**Work to complete:** Pictures aside, each entry has to be returned exactly as it stands.

╔══

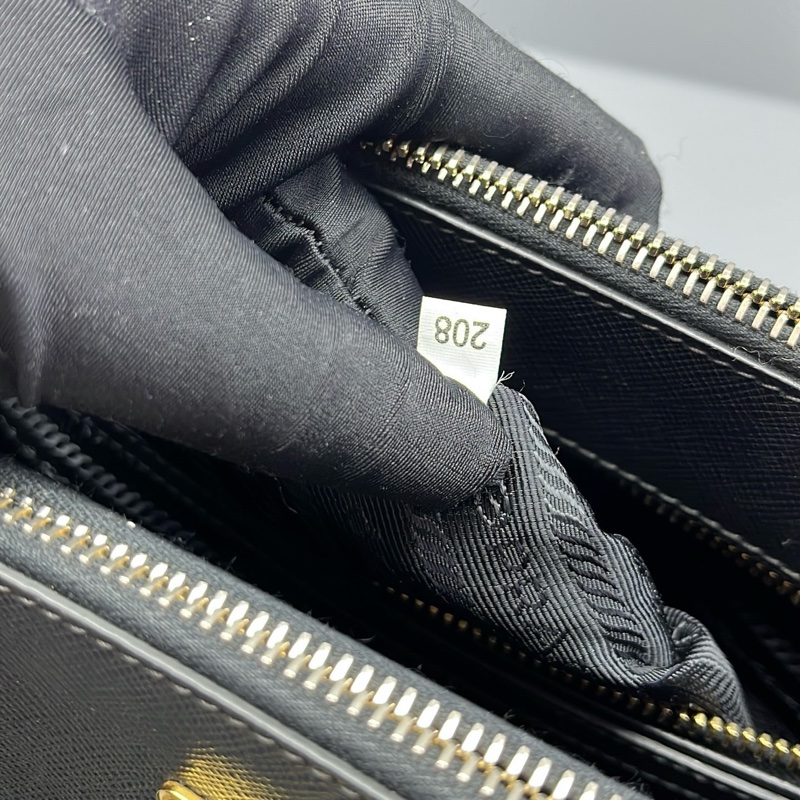 95新 二手Prada普拉達殺手包大號黑色，無附件-6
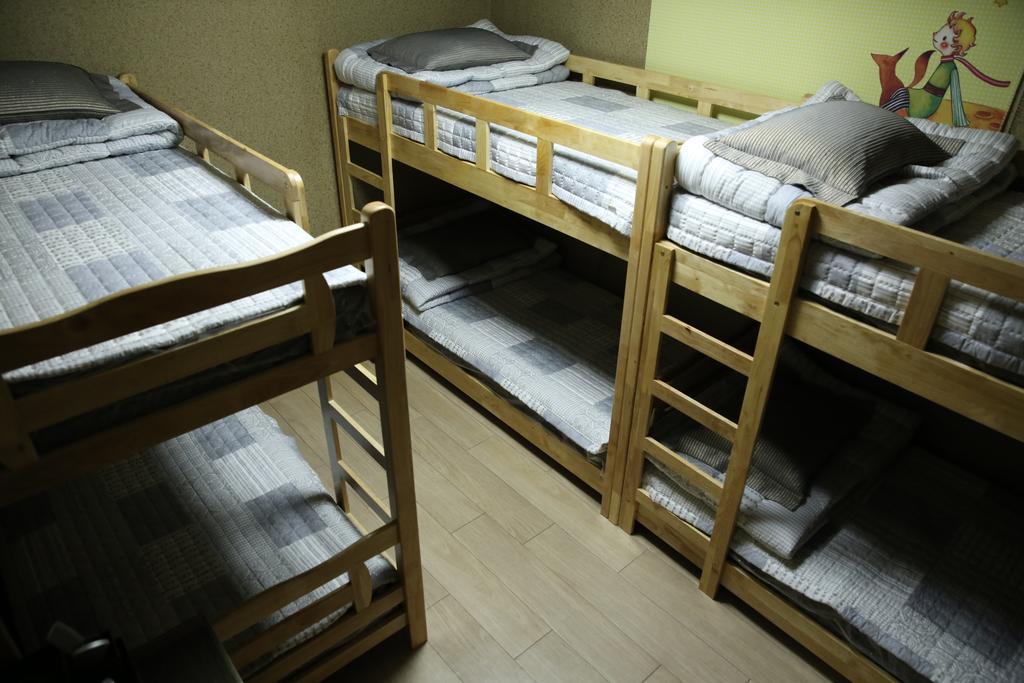 Moiri Guesthouse Yeosu Eksteriør bilde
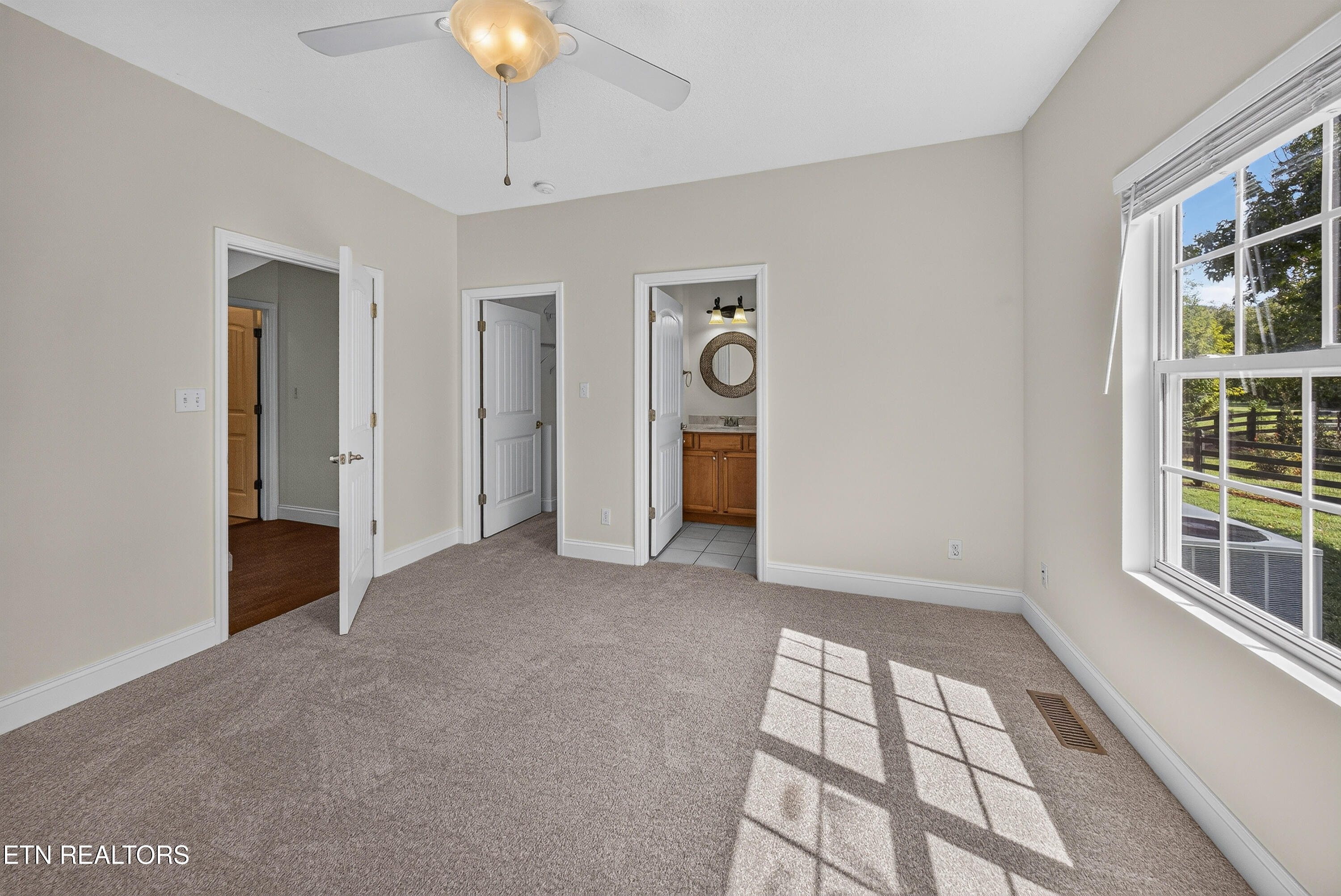 4710 Messer Lane Powell, TN 37849 - Photo 20 of 40 Primary Bedroom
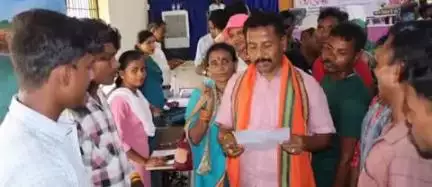 दंतेवाड़ा: छिन्दनार में आयोजित ग्राम धरती आबा जनजातीय ग्राम उत्कर्ष अभियान शिविर में ग्रामीणों को मिला शासकीय योजनाओं का लाभ
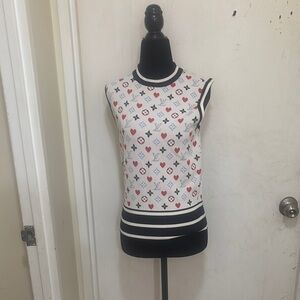 Women's White and Black Louis Vuitton monogram Sleeveless Top. NWT 💯 authentic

╚══

**Answer for the task:**
 95新 二手Prada普拉達殺手包大號黑色，無附件-6
 Moiri Guesthouse Yeosu Eksteriør bilde
 4710 Messer Lane Powell, TN 37849 - Photo 20 of 40 Primary Bedroom
 दंतेवाड़ा: छिन्दनार में आयोजित ग्राम धरती आबा जनजातीय ग्राम उत्कर्ष अभियान शिविर में ग्रामीणों को मिला शासकीय योजनाओं का लाभ
 Women's White and Black Louis Vuitton monogram Sleeveless Top. NWT 💯 authentic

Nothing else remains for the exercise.